Customer satisfaction with AVT: “Marlin is the best match”
“The deferred mode of the Marlin cameras from Allied Vision Technologies is the best match for the Best-Fit application”, explain Christian Böttcher, Technical Manager for Image Processing Technology and Christian Körbel, Sales Manager System Technology of EDAG. “The industrial suitability of the FireWire interface was important to us in selecting a camera: We were able to design a special hub with fiber optic data transmission from the assembly gripper to the Best-Fit computer (VarioInspector), which makes the image processing technology immune to electrical and magnetic interferences within the system.”

Practical use: Milestone for assembly quality in automobile construction
The EDAG Best-Fit process is a milestone for assembly quality in automotive production.
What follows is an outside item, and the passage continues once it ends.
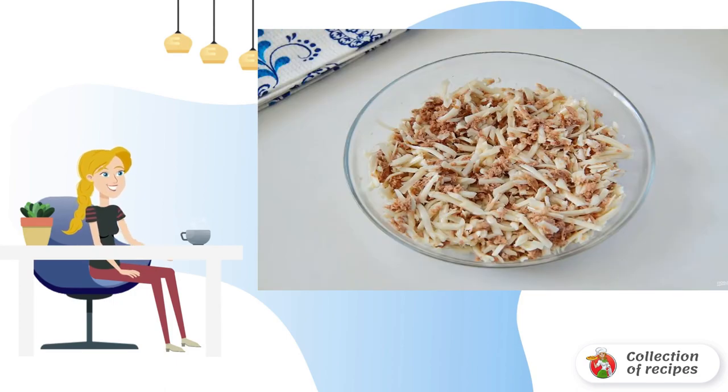For the filling, mash the tuna with a fork and add grated cheese to it. You can take any cheese — I have sulguni.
For each manufactured component and each manufactured body, the system calculates the optimal position for assembly - for a consistently uniform and high-quality appearance of the overall vehicle. But in addition to the quality advantage of perfect distribution of the gap dimensions, the EDAG Best-Fit system also achieves economic advantages: The costs of manual re-adjustment are reduced drastically, as the implemented projects have shown clearly.

Assembly is now being done at two European locations with the EDAG Best-Fit system, for instance, for all the attached parts of the Mercedes Benz S-Class and the doors of the Opel Corsa. In addition, the EDAG Best-Fit system is also being used for other applications, such as precise positioning of robot tools, e.g. for punching, stamping, or riveting in automobile production.